I am not a member of the NPP but I follow Ghanaian politics with an objective mind and keen interest. Simply because I strongly believe that an NPP administration has the competence, programmes and policies to give each and every Ghanaian a fair opportunity. That is why the current reorganization of the Party at the national level is of utmost interest. It is important to note that the general elections in 2016 will be crucial to the survival of the Party. Therefore, the Party ought to position itself to win the 2016 elections, and that positioning starts with the restructuring.
Key to the running of the Party at the national level is the position of the head of the secretariat of the Party. From the way matters are handled by Party members in the media on a regular basis, it is very obvious that there is no organized secretariat of the Party or at all.

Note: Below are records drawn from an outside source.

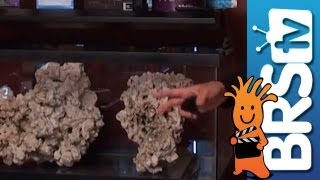 How to set up a saltwater aquarium  Episode 1 Reef tanks made fun and easy [upl. by Akehsar]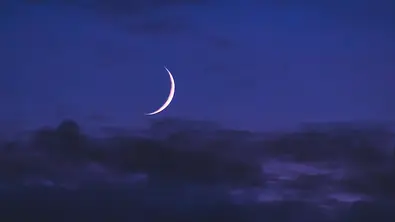 Neumond Mai 2021: Der Genuss des Schönen - Foto: IStock/Pavel Byrkin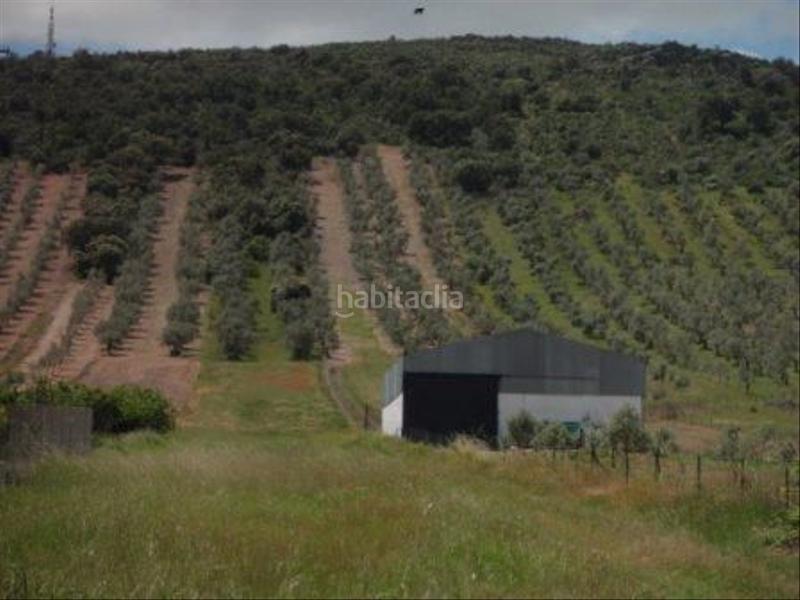 Foto af3fd560-ee50-4689-828d-7bcccdab6968. Terrain résidentiel dans Peraleda del Zaucejo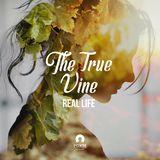 [Real Life] The True Vine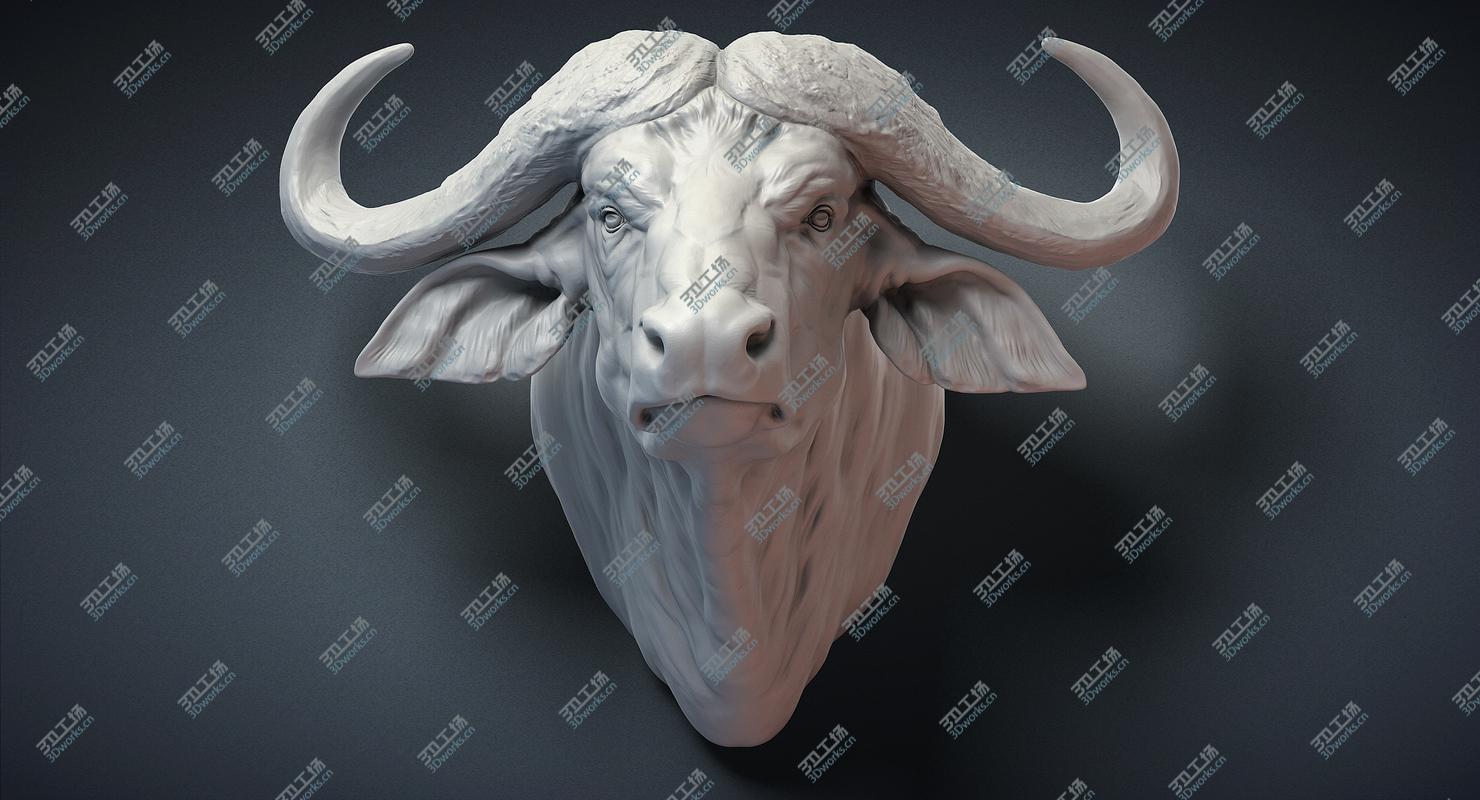 images/goods_img/202104094/Cape Buffalo Head Sculpture 3D model/2.jpg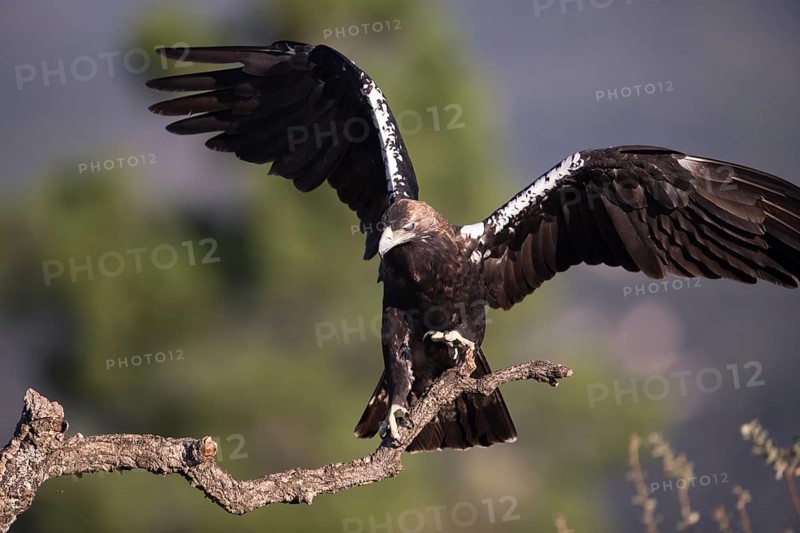 Iberian Eagle (Aquila adalberti), Spanish imperial eagle, Extremadura, Castilla La Mancha, Spain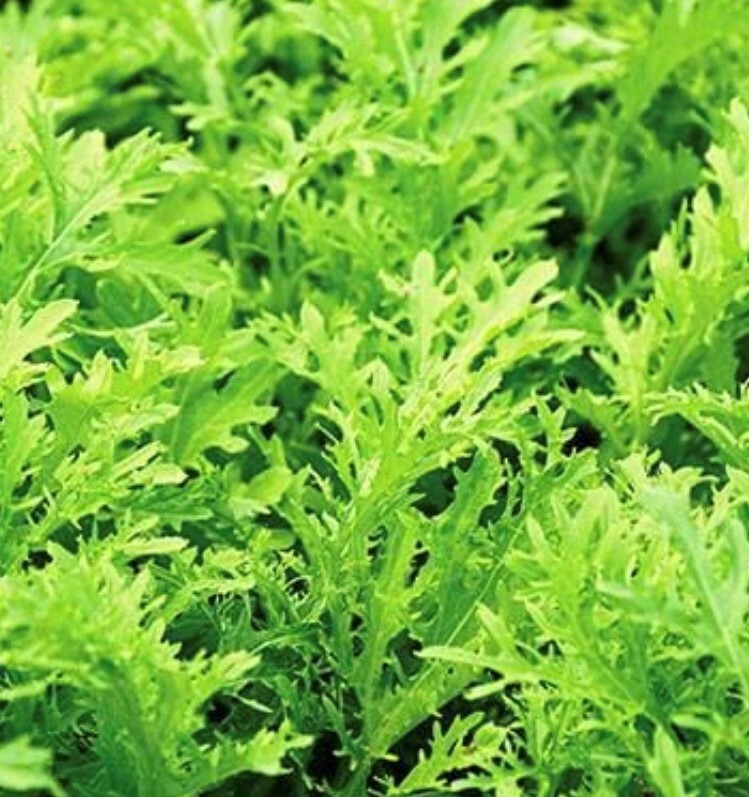 Sale**1 Oz(11,200 Seeds) Lime Streaks Mizuna Seeds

What the Party has though is a painted building at Asylum Down with officers pretending to be working.
I am following the general secretary race closely and do not have a preferred candidate. Although I must admit that Sir John, who is the incumbent general secretary, still has a huge fan base and it will be very difficult to reduce that. His supporters say he is generous and is consistent when dealing with the NDC.
Another interesting candidature is that of Kwabena Agyepong. He has been on the scene for quite some time and seems to be a strong contender for the position of general secretary. If social media is anything to go by, particularly Facebook, one would say his handlers are doing a good job with his campaign. He however has fewer followers than Yaw Buaben Asamoah on Facebook, which should give him cause to worry.

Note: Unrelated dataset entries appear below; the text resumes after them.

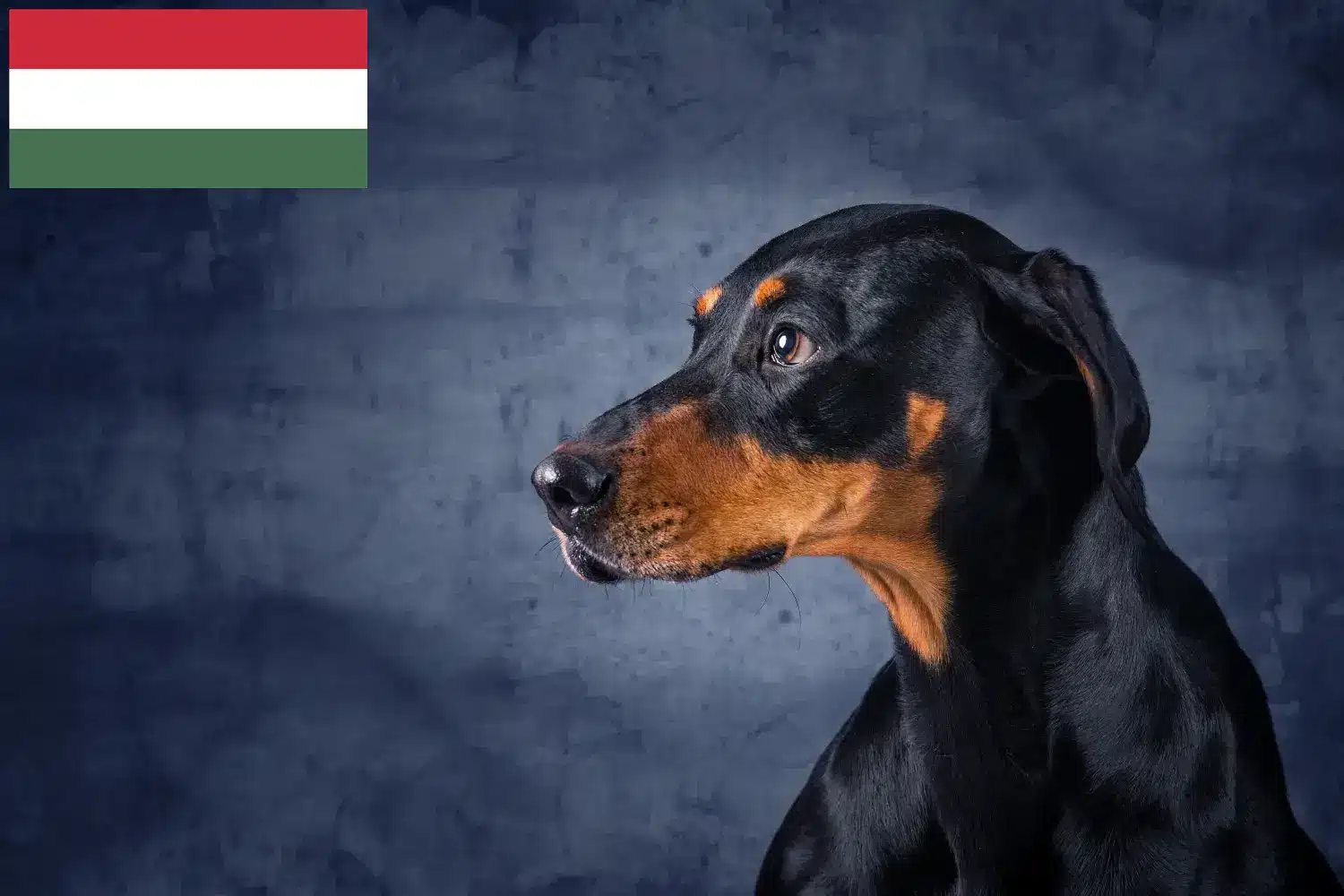 Read more about the article Erdélyi Kopó hodowcy i szczenięta w Węgry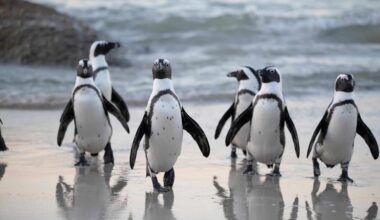 Flock Of Penguins Near Sea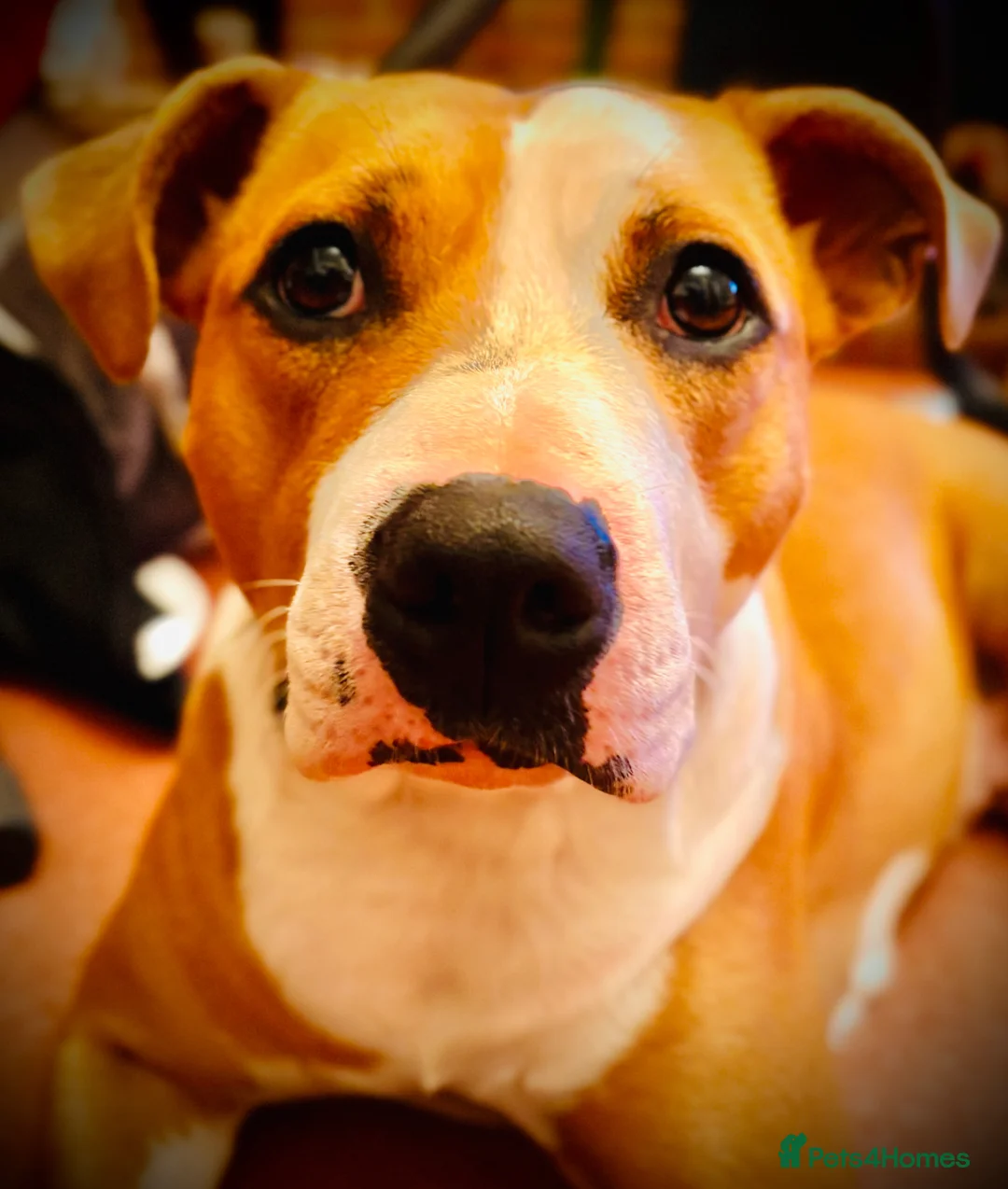 Mixed Breed dogs for sale: Happiest little bundles - Advert 7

There are a few things about Kwabena's campaign bid that I have noticed that I find are worthy of comment. Before I proceed, I wish to state that this is my opinion and I am entitled to it just as you may be entitled to yours. It may be correct or wrong but these are my observations. As a floating voter with no political party affiliation, I am entitled to assess and question a particular party and the way it is organized. So here we go.
In 2016, the NPP needs executives, particularly a general secretary, who would move swiftly to address issues at the grassroots level. The elections will be won at the polling station. I anticipate that polling agents of the NPP will not agree to certain irregularities at the polling station level, especially after the enlightening education from the Supreme Court last year. The NPP therefore needs a general secretary who would move to the ground to defend his polling station executives; a general secretary who would be willing to put his life, his career and even integrity on the line to defend his polling station executives. Most people see such traits in Sir John and to some extent Yaw Buaben but not Kwabena.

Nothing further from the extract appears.